The interior of the Lagonda Concept is pretty much made of dreams and unrealized desires. You’ll find materials like carbon fiber and ceramics, but you’ll also find cashmere and silks – that’s right, an automaker, for the first time in who knows how long, has gone old school with cashmere and silk. Should we rejoice or stare at it in confusion? We don’t know, but it’s pretty damn cool for the time being.

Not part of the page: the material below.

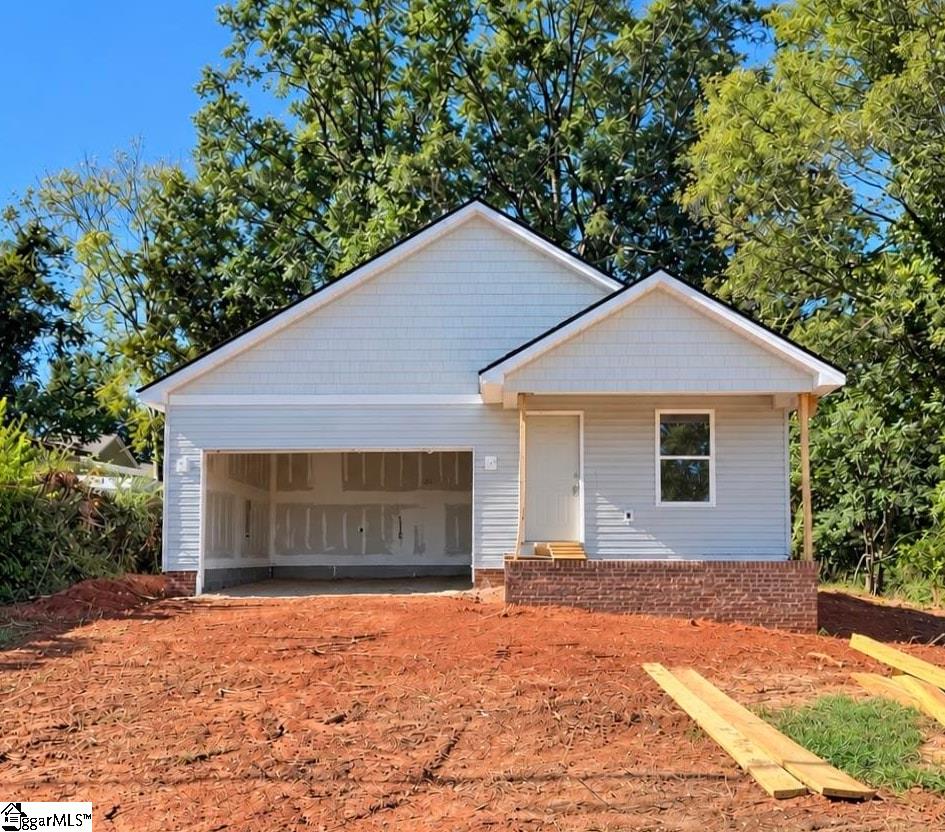225 Sunny Street Property Photo 1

Just look at the carpeting and the seats. The seats are something suitable for no less than a Starfleet captain and, in fact, we’re pretty sure Captain Picard would be jealous. These seats are not only supportive but probably have more cushion and padding than the sofa in your living room right now. With a 2+2 layout, mixed with the excessively long cabin, you can’t exactly say that space comes at a premium – there’s plenty of it. The back seats even have pullout, full leg rests.

And, while this thing is essentially designed for those who want to be hauled around while the relax (please don’t conduct business in something this awesome, seriously,) it actually has a true-to-life steering wheel so that you can actually drive if you like. Even cooler is the fact that the wheel slides from left to right, so either front seat is actually a driver’s seat.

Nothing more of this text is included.